Thanks Martin - that does make sense. I think the confusion here is more a matter or terminology in what I mean when I say ‘does posterior_epred’ incorporate the weights. I’ve just got a simple example here to show what I mean, and in terms of what I intended the question to mean, I think the answer is yes:
library(tidyverse)
library(brms)
data <- tibble(score = c(rnorm(1000, 0, 1), c(rnorm(1000, 1, 1))),
weights = c(rep(1, 1000), rep(2, 1000)))
formula <- score | weights(weights) ~ 1
fit_weights <- brm(formula = formula,
family = gaussian(),
data = data,
control = list(adapt_delta = 0.95, max_treedepth = 10),
chains = 1,
cores = 1,
iter = 700,
warmup = 200)
data2 <- tibble(score = c(rnorm(1000, 0, 1), c(rnorm(2000, 1, 1))))
formula2 <- score ~ 1
fit_weights2 <- brm(formula = formula2,
family = gaussian(),
data = data2,
control = list(adapt_delta = 0.95, max_treedepth = 10),
chains = 1,
cores = 1,
iter = 700,
warmup = 200)
data3 <- tibble(score = c(rnorm(1000, 0, 1), c(rnorm(1000, 1, 1))))
formula2 <- score ~ 1
fit_weights3 <- brm(formula = formula2,
family = gaussian(),
data = data3,
control = list(adapt_delta = 0.95, max_treedepth = 10),
chains = 1,
cores = 1,
iter = 700,
warmup = 200)
test1 <- posterior_epred(fit_weights, ndraws = 500)
test2 <- posterior_epred(fit_weights2, ndraws = 500)
test3 <- posterior_epred(fit_weights3, ndraws = 500)
mean(test1[ , ])
mean(test2[ , ])
mean(test3[ , ])
For model 1 I run a regression that is weighted so that certain respondents are weighted double the other respondents, and these people have higher scores.
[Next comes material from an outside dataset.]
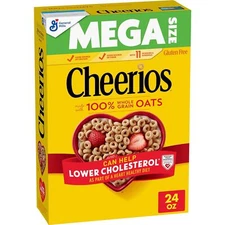 Cheerios, Heart Healthy Gluten Free Breakfast Cereal, Mega Size, 24 oz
In model 2, I run the model simply with 2x the number of people in the weighted group, rather than weighting them. In model 3 I run it without weights or doubling the number of people. Then I run posterior epred on respondents from each of the models. Model 1 and Model 2 give the same posterior predictions, showing how the weights are incorporated into the posterior prediction of model 1. This is all that I meant. I think what you are suggesting Martin is essentially poststratification using the weights, which would work if I ran the model as usual but requested that the model include a term to give different scores to subgroups of individuals, whereas in the case of using weights I am requesting a single grand mean weighted by certain respondents. Not sure if what I’ve said has just added more confusion but it answers my original question!